Avatar: el camino del agua (Avatar: The Way of Water, 2022) es la segunda visita de Cameron al planeta Pandora. Trece años después de Avatar (2009), acompañamos a Jake Sully y Neytiri, quienes se han reproducido como si no hubiera mañana: con tres hijos y una hija adoptada conforman una familia feliz. Pero el idilio es amenazado por los fantasmas del pasado, y para no poner en riesgo a la comunidad ante un ataque inminente, deben emigrar de sus queridos bosques a los lejanos mares.

Como cabía esperar, Cameron concibe un prodigioso espectáculo visual y sonoro.

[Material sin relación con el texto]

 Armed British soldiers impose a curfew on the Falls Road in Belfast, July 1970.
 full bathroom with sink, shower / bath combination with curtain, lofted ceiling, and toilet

Construye escenarios maravillosos y fantásticos, que se inspiran en paradisiacos parajes naturales y que en más de una ocasión son dotados, por la vía digital, con elementos que cabría calificar como espirituales. Los numerosos sobrevuelos que se llevan a cabo, así como los no menos abundantes grandes planos generales con buena profundidad de campo, permiten hacerse más que una idea de magnificencia y esplendor. A lo largo de la cinta las escenografías poseen un rol protagónico: no son sólo fondos, son otros personajes. Ahí viven y conviven habitantes sensibles y respetuosos que se convierten en defensores de la madre naturaleza. La cámara registra con atención la acción que tiene lugar en cielo, mar y tierra: la cobertura es rigurosa y no menos espectacular (a pesar de los reiterativos mini-zooms que buscan incrementar la tensión). El ritmo tiende al frenesí y aligera las más de tres horas que dura la cinta. Y si la banda sonora ofrece paisajes sonoros de apreciable riqueza, no hay mucho que consignar en lo relativo a las músicas, que no tienen la espectacularidad del resto del sonido (otro tanto habría que consignar sobre la animación y el movimiento generado en computadora, que en más de una ocasión luce poco natural).

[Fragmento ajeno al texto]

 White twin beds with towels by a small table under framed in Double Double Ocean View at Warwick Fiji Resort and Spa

Tanta maravilla audiovisual ofrece un marco sensible a un relato que no alcanza mayores profundidades. Entre las declaraciones de amor a la familia y a la madre naturaleza, seguimos una historia convencional que, con ecos ecologistas, gira alrededor principalmente de los deberes paternos y las angustias filiales. Así, mientras el padre se empecina en mantener a salvo a su prole, los hijos –particularmente dos de ellos– enfrentan conflictos para encontrar su lugar en el mundo. Los devenires de padres e hijos traen a la mente películas como Al este del paraíso (East of Eden, 1955) de Elia Kazan, o El árbol de la vida (The Tree of Life, 2011) de Terence Malick, en las que un hermano compite con otro por la atención del padre exigente, y hasta El rey león (The Lion King, 1994) de Roger Allers y Rob Minkoff, que glorifica al jefe (y a la que emula en la presentación del primogénito a la tribu). Al final, también tiende puentes (muchos) con Los increíbles (The Incredibles, 2004) de Brad Bird, con todo y sus parajes paradisíacos y su familia en acción. Entre tanta cita-homenaje, Cameron no puede (o no quiere) autocitarse, y hay un largo fragmento inspirado en Titanic (1997).

Los nexos y los deberes familiares hacen avanzar la historia y empujan las largas secuencias de acción, es cierto, pero no hay mayor problematización, mayor reflexión, a propósito de ellos. (En algún momento pensaba que el deber de protección del padre en Avatar: el camino del agua bien podría obedecer a su vanidad, y recordaba Una noche para sobrevivir, película estelarizada por Liam Neeson en la que un padre mafioso reconoce que la mejor forma de proteger a su hijo es mantener distancia con él, abandonarlo.)

Avatar: el camino del agua está en la ruta para convertirse en la película más taquillera de la historia (ha recaudado más de 2200 millones de dólares hasta ahora; aún está a unos 600 millones del primer Avatar, que luego de su reestreno solidificó su posición como primer lugar de la lista). Y “seguirá la mata dando”: de acuerdo con la IMDb están programadas otras tres entregas de la franquicia. Esperemos que se pongan las pilas con el guión, porque va a ser medianamente fastidioso aventarse otras diez horas de lo mismo: incluso la belleza cansa cuando no la compaña la sustancia.